* [Exercise prompt]
The answer should consist solely of the lines from the first one below through the line containing "Moacir Junior esboou", copied exactly.

Content starts

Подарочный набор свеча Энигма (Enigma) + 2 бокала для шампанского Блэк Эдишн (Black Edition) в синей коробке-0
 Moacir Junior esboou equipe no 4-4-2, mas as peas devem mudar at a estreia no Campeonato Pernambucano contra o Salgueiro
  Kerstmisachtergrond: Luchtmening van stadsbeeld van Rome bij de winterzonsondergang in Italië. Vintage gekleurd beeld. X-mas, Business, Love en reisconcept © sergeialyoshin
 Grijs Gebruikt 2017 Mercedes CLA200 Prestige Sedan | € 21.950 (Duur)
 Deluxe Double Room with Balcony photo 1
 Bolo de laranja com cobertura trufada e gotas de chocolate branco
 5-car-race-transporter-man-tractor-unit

Content ends

* [Result]
Подарочный набор свеча Энигма (Enigma) + 2 бокала для шампанского Блэк Эдишн (Black Edition) в синей коробке-0
 Moacir Junior esboou equipe no 4-4-2, mas as peas devem mudar at a estreia no Campeonato Pernambucano contra o Salgueiro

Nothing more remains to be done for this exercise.